Rhadon - 24-11-2002 at 17:19
Hi
I'm just scanning some chemistry books and will upload them for you once they are done. But I cannot decide if I shall do an OCR or publish the books
in the form of a PDF file being composed of bitmap images.
The OCR will take significantly longer and will be much more work, but it looks better and the filesize is smaller.
The bitmap version will be done much faster, but it will not look as well.
Some of the books will be OCR'ed, some won't. But there are still ones that I'm not sure what to do with, so please help me to decide.
raistlin - 24-11-2002 at 17:36
Hey Rhadon do an OCR. Drop me a U2U if you want any help, I think my dad might have some OCR software around here somewhere...
Rhadon - 24-11-2002 at 17:48
Thank you for offering your help, Raistlin. Unfortunately the the OCR itself is not the most laborious thing: Proofreading the text, correcting
mistakes, positioning images, labelling images and giving the document a nice layout are more work by far.
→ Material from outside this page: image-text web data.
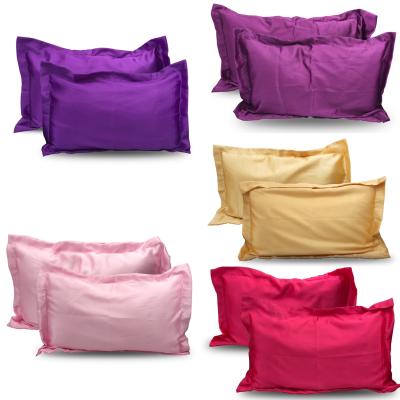 China Factory Wholesale Custom Logo Silk Pillow Cases High Quality Home Seller Silk Satin Pillow Cases for sale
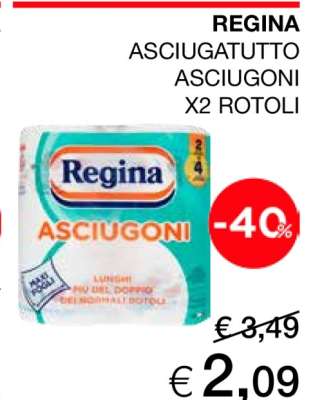 REGINA ASCIUGATUTTO ASCIUGONI X2 ROTOLI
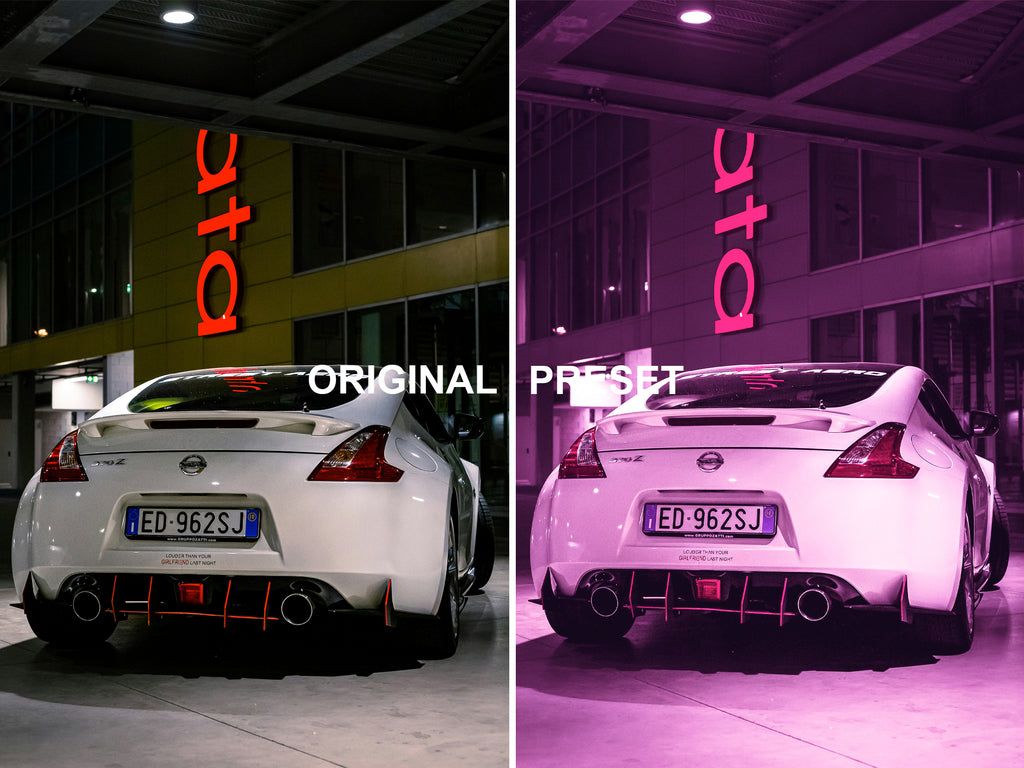 10 NEON PINK Lightroom Presets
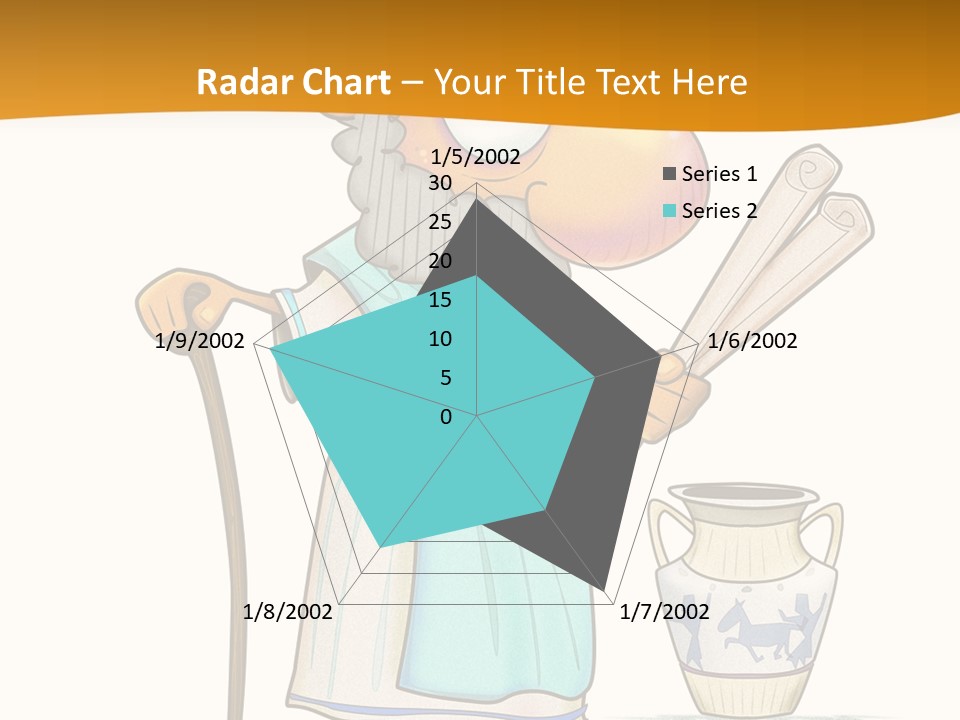 A Man With A Beard Holding A Baseball Bat PowerPoint Template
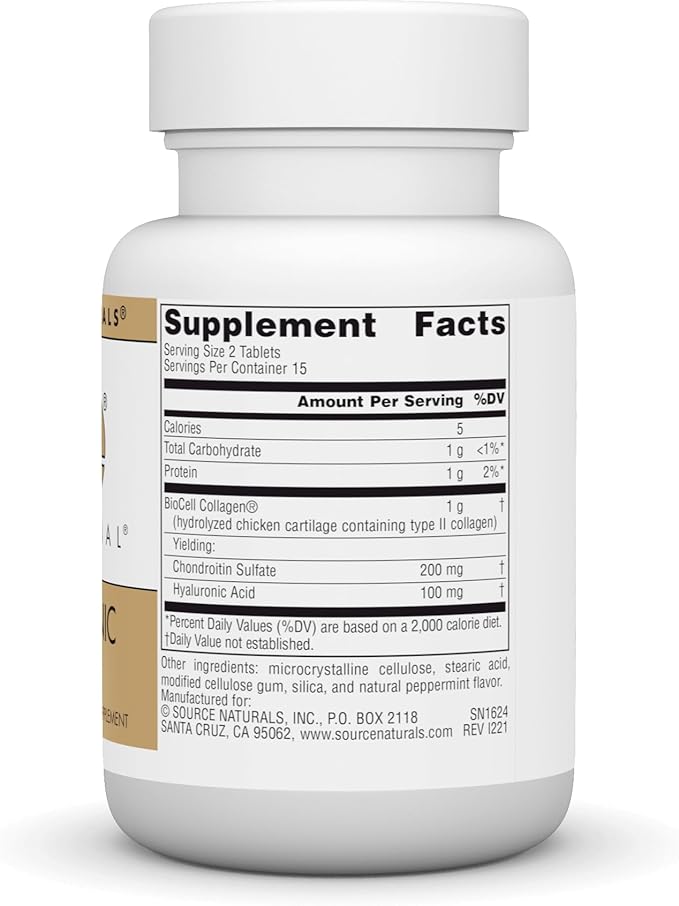 Source Naturals Skin Eternal Hyaluronic Acid, 50mg - 30 Tablets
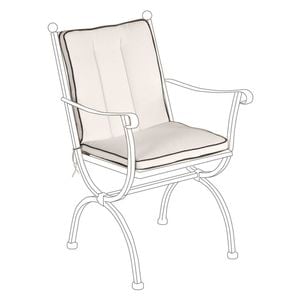 MBM Romeo Gartenstuhlauflage Niedriglehner 44x87cm Mischgewebe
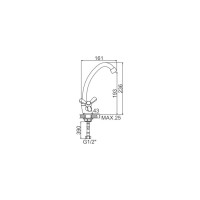 Смеситель для кухни Ledeme L4112-2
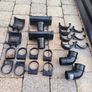 PVC Guttering, down pipe ,brackets Image 2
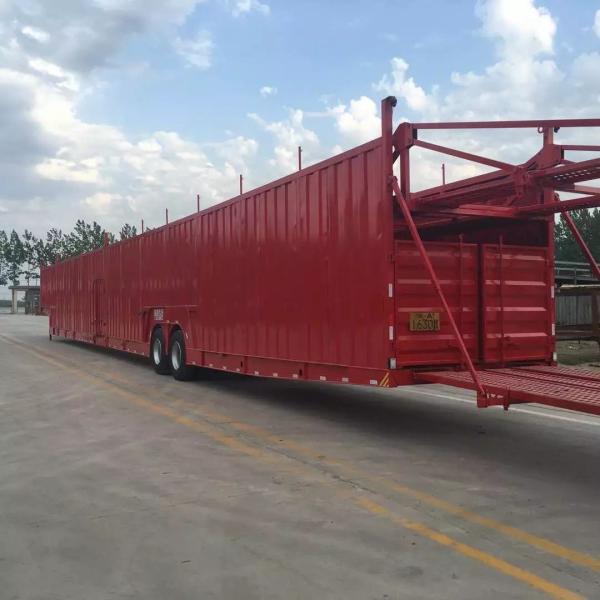 All Vehicle Types 18t-28t Loading Weight Car Carrier Semi-Trailer with Customization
Thank you also for offering software, but I do already have FineReader 6.0 which I suppose is the best program for this job.
how about this
Polverone - 25-11-2002 at 00:49
I notice that archive electronic journal articles from the ACS are bitmap scans of the original paper but also include an OCR version somehow embedded
in the same file beneath the bitmap. The OCR information that is included has not been hand-corrected - so it has a rather high error rate - but it is
still very useful if you're just looking for certain words in the text. The bitmap version, of course, retains all the diagrams and formulae that OCR
wouldn't handle very well. Can you do this? It won't save space but it will make the texts more useful than plain bitmaps and a lot faster to process
than complete human-proofed OCR.
Rhadon - 25-11-2002 at 11:01
The books which will be published in the form of bitmaps will most likely be processed with Adobe Acrobat Capture. I didn't have the time to test it
yet, but it should create a bitmap PDF file as you described it (text "beneath" the bitmap).
The same system was used for many eBooks on mathematics which I do own, and they have a very low error rate (except for the special characters)! I
think that this depends strongly on the resolution of the source images, which will be 600 DPI in most cases.
Rhadon - 26-11-2002 at 16:24
Damn, I have some severe problems with Acrobat Capture. I tested two releases now, and none of them works properly. Some of the problems are the same
in both versions, others do only occur in one of them.
This will at least delay the release date of the books.
Blind Angel - 28-11-2002 at 18:56
Stupid questio but what are OCR?
Rhadon - 29-11-2002 at 08:58
Blind Angel: It's not a stupid question. OCR is standing for "Optical Character Recognition". Here is what it is and why we do it:
When you scan a text, you get an image at first. The image shows the text page exactly as it can be found in the book. When I was talking of a
bitmap version, I meant that those images would b put together to a PDF file. Unfortunately, the filesize of such PDF files is either quite
large or unreadable because of lack image quality. Usually you are also unable to search the images like you can do it with ordinary text (what can be
a great disadvantage if you are looking for a particular information).
So, we use an OCR program, such as "Abbyy FineReader", which is able to recognize the characters in the image and enabled you to export the
whole text thus obtained. Since there are always some characters that are not recognized correctly (e.g. the small 'l' looks quite similar to the
capital 'I' and 'O' to zero), the text has to be proof-read for mistakes. If it contains images, they will have to be placed in appropriate positions
in the text.
bitmaps
blazter - 30-11-2002 at 09:00
personally, I think bitmaps are the way to go. Just make sure that they can be extracted from the pdf or whatever format they are put in. that way
if someone is ambitious enough they can do the OCR themselves and proof it according to the bitmaps that they have.
Sometimes chemistry books are better in bitmap format because of the images. But they would be even better if they were converted to an easily
printed format like pdf or even html which could be searched easily.
Blind Angel - 30-11-2002 at 11:58
That answer more question thant i though, i always wondered how they were doing these e-Book you can find on the net
Rhadon - 1-12-2002 at 09:45
It wasn't until today that I realized that FineReader offers the user an option to do exactly what I wanted to do with Acrobat Capture. The release of
the first book is coming closer
Announcement: The first book is done
Rhadon - 1-12-2002 at 15:08
Those who have access to EliteForums FTP will be able to download "Nitration and aromatic reactivity" by J. G. Hogget in an hour or
so.
I will upload it to some webspace which can be accessed by everyone when I can find the time to do so. Anyway, I'd be glad if someone else could do
that since I'm quite busy.
Eliteforum - 2-12-2002 at 18:27
I might set up Apache (or IIS depending) so people can upload via FTP and download via HTTP.
If it sounds like a good idea, drop me a line.
Only downside is that, we may have a lot of people downloading/leeching and speeds may be affected.
Rhadon - 2-12-2002 at 23:25
The idea is a good one, but we must find a way to bypass the leechers. A password protection would be nice, but things like that are tricky.